Similarities, Differences, and When to Use Either
Amazon EMR Serverless and AWS Glue are similar in that they are both serverless and, in theory, can execute ETL and processing tasks just like an EC2 and a relational database service (RDS) instance can run databases. The key difference is Amazon’s recommended use for each — AWS Glue for ETL and AWS EMR Serverless for data processing and analytics.
When to Use Which
If you want to use well-known data processing and analysis tools that aren’t necessarily AWS-specific, Amazon EMR is a fast, cost-effective solution. The Apache Spark framework, for example, is most in-demand in all major big data processing and analytics industries, and its codebase is actively contributed to and maintained. With Amazon EMR, you can run mainstream open-source big data processing software such as Apache Spark and Hive at AWS-optimized runtime speeds and scaled costs.
However, consider AWS Glue if you prefer a simpler and more cohesive data pipeline. AWS Glue connects to tools for data ingestion, discovery, query, visualization, and loading tasks.

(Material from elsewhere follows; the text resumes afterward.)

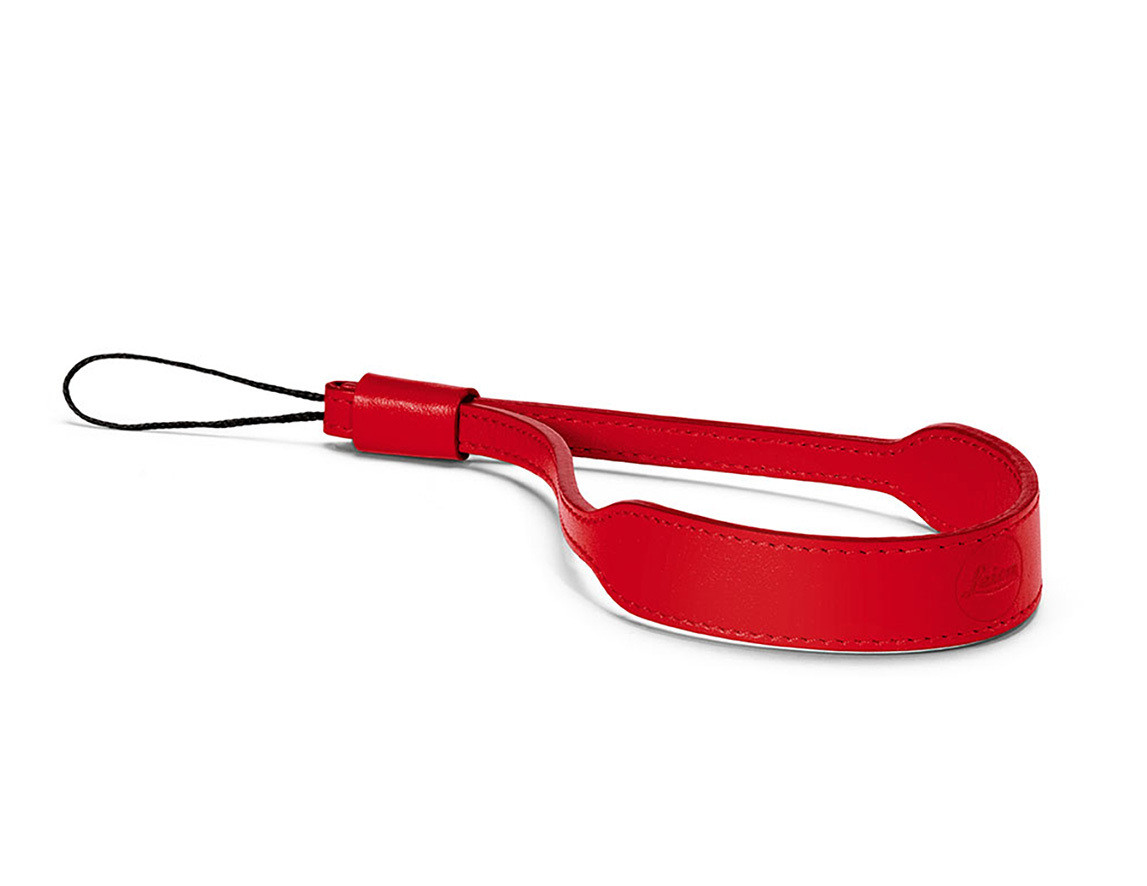 Leica Leather Wrist Strap D-Lux 7, Red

Many companies that ingest streaming data use AWS Glue. One success story is the BMW Group. The BMW Group saves on utility and costs because AWS Glue supports sources like Amazon Kinesis and Apache Kafka, facilitates the cleaning and transformation of data streams in-flight, and continuously loads the results into AWS S3, Data Lake, and other data stores
If your data is raw, requires ETL, and relies on a bevy of tools for extended periods, AWS Glue is your best bet. It’s widely used and has ample documentation. Keep in mind that AWS Glue is more expensive than EMR Serverless for similar compute resources.
EMR Serverless is a good choice if your data is already in the preferred format, as petabyte-scale processing will be batched and super-fast. Opting for this tooling provides simple, cost-efficient, multi-tenanted operations with managed scaling for clusters and commensurate aggregated billing on computing resources.
Amazon EMR and AWS Glue are great tools with overlapping capabilities. Both can do a great job with ETL and processing. However, the best one for you depends on your specific circumstances.